*TRY IT:* Could every line of the listing be output exactly, with the pictures skipped?

** DATASET CONTENT follows **

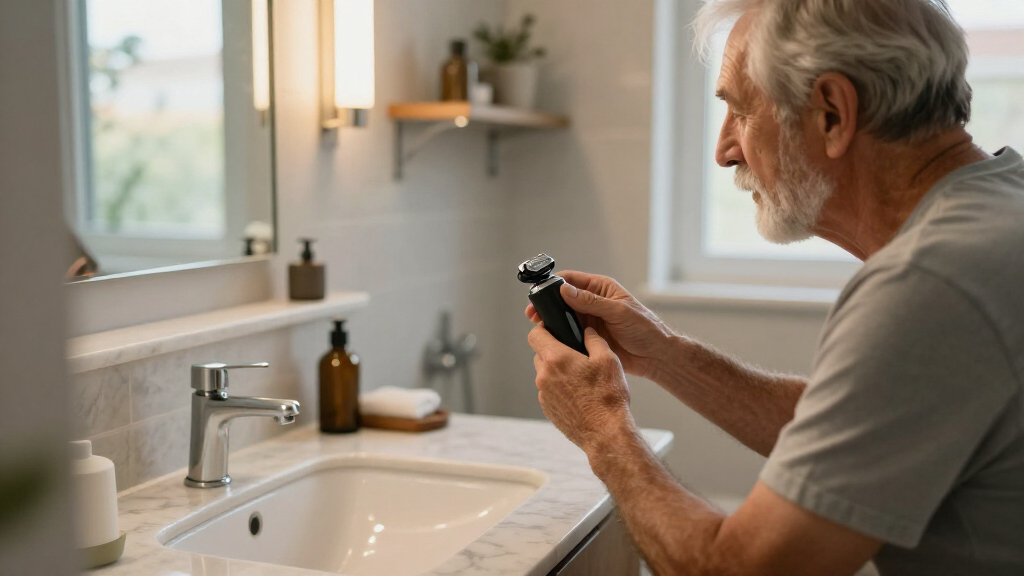 electric razor for elderly man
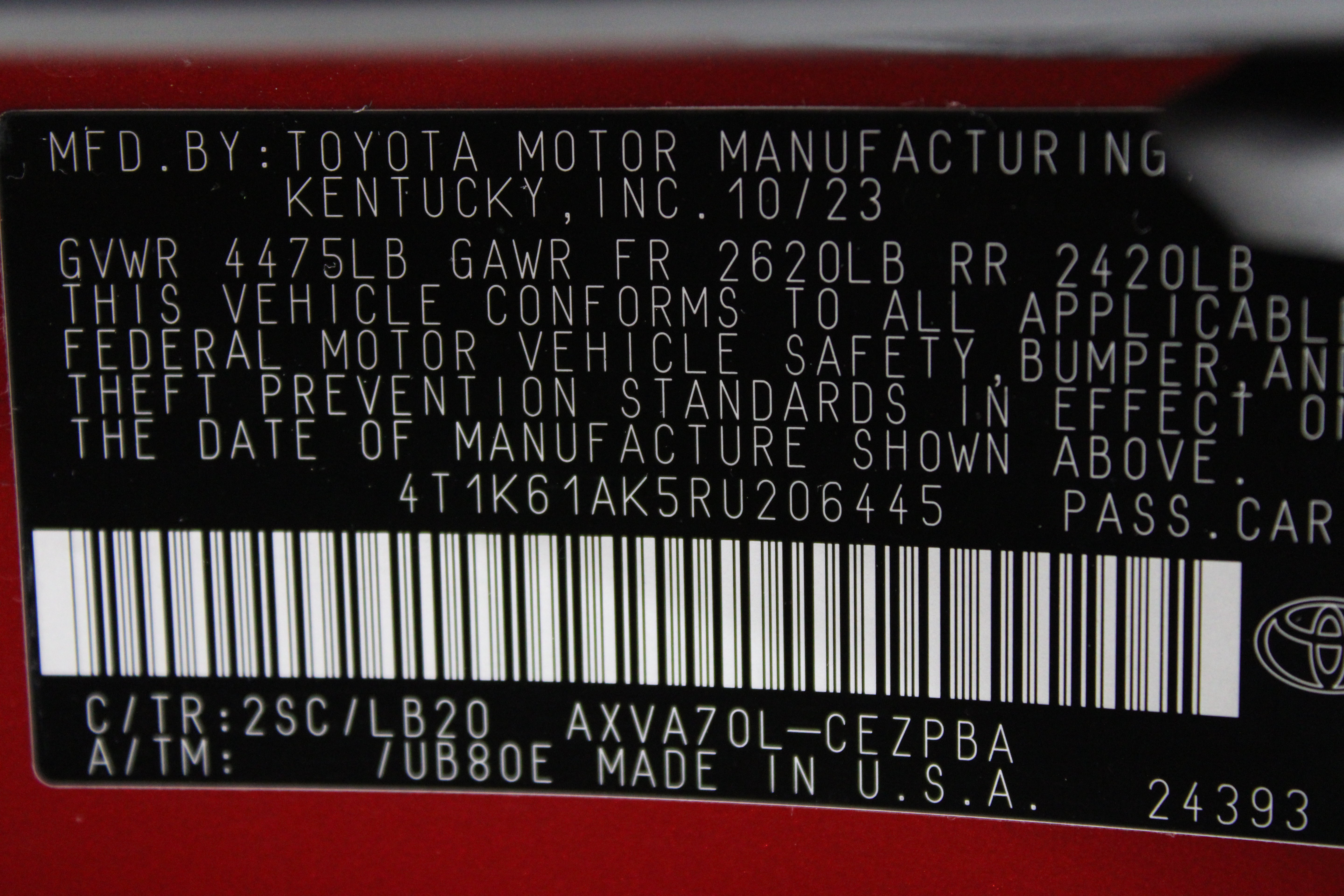 Used 2024 Toyota Camry XSE FWD image 41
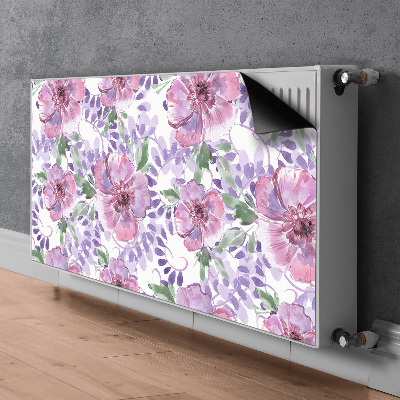 Magnetic radiator mat Purple flowers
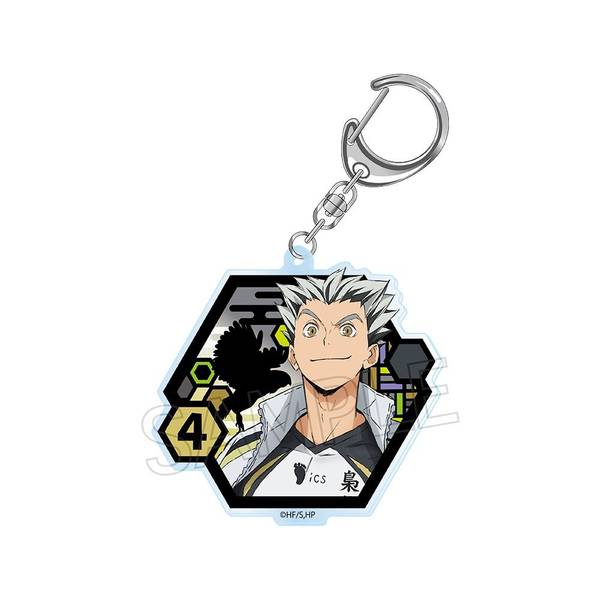 【5月予約】ハイキュー!! 切り絵シリーズ アクリルキーホルダー vol.2 木兎光太郎 キャラグッズ 4571653532409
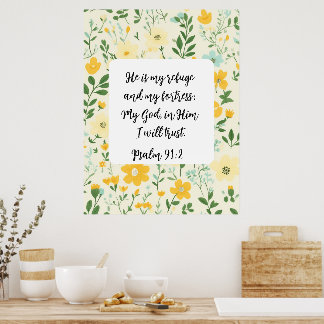 Psalm 91:2 Christian Poster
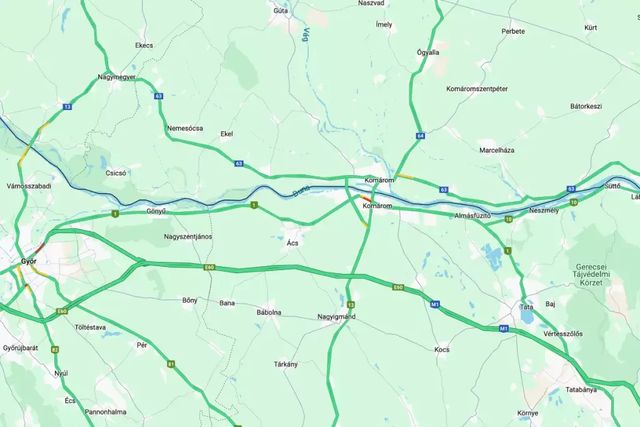 Baleset miatt több kilométeres a torlódás az M1-esen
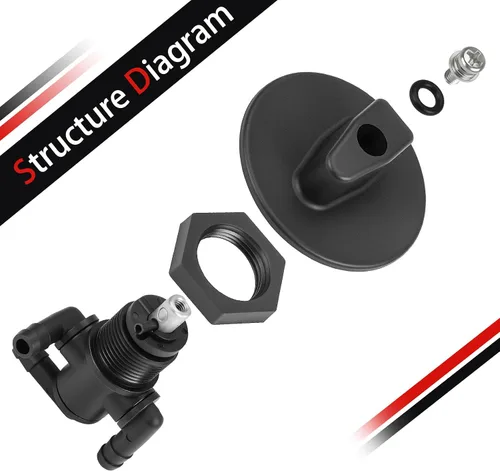 Miniatura 2 de Válvula de depósito de combustible Petcock 3 vías y tuerca de perilla para Polaris Sportsman 335 400 500 600 700 Twin Magnum Trail Boss 325 330 500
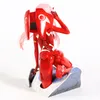 Anime-Figur Darling in the FRANXX Zero Two 02 RedWhite Clothes Sexy Girls PVC Action s Toy Collectible Model 2204091974206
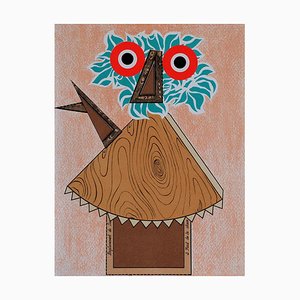 Enrico Baj, Personnage, Lithograph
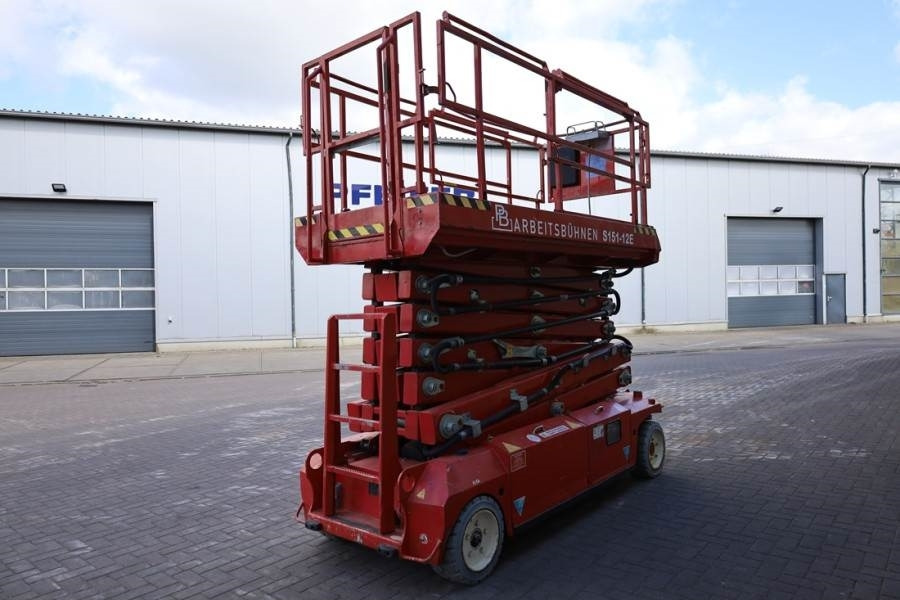 PB LIFT S151-12E Electric, 15m Working Height, 550kg - Saxlift: bild 2 PB LIFT S151-12E Electric, 15m Working Height, 550kg - Saxlift: bild 2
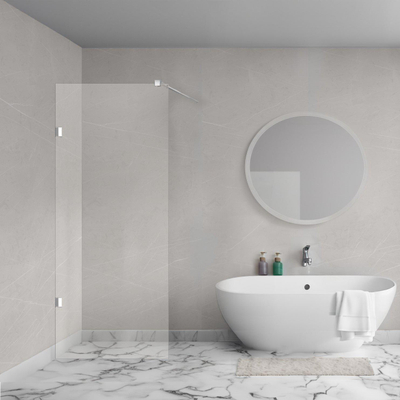 Aqua Vista Losse Glasplaat Galatina side panel 90x200cm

** End of DATASET CONTENT **

*EXERCISE RESULT:*
 electric razor for elderly man
 Used 2024 Toyota Camry XSE FWD image 41
 Magnetic radiator mat Purple flowers
 【5月予約】ハイキュー!! 切り絵シリーズ アクリルキーホルダー vol.2 木兎光太郎 キャラグッズ 4571653532409
 Psalm 91:2 Christian Poster
 Baleset miatt több kilométeres a torlódás az M1-esen
 Miniatura 2 de Válvula de depósito de combustible Petcock 3 vías y tuerca de perilla para Polaris Sportsman 335 400 500 600 700 Twin Magnum Trail Boss 325 330 500
 Anime-Figur Darling in the FRANXX Zero Two 02 RedWhite Clothes Sexy Girls PVC Action s Toy Collectible Model 2204091974206
 Enrico Baj, Personnage, Lithograph
 PB LIFT S151-12E Electric, 15m Working Height, 550kg - Saxlift: bild 2 PB LIFT S151-12E Electric, 15m Working Height, 550kg - Saxlift: bild 2
 Aqua Vista Losse Glasplaat Galatina side panel 90x200cm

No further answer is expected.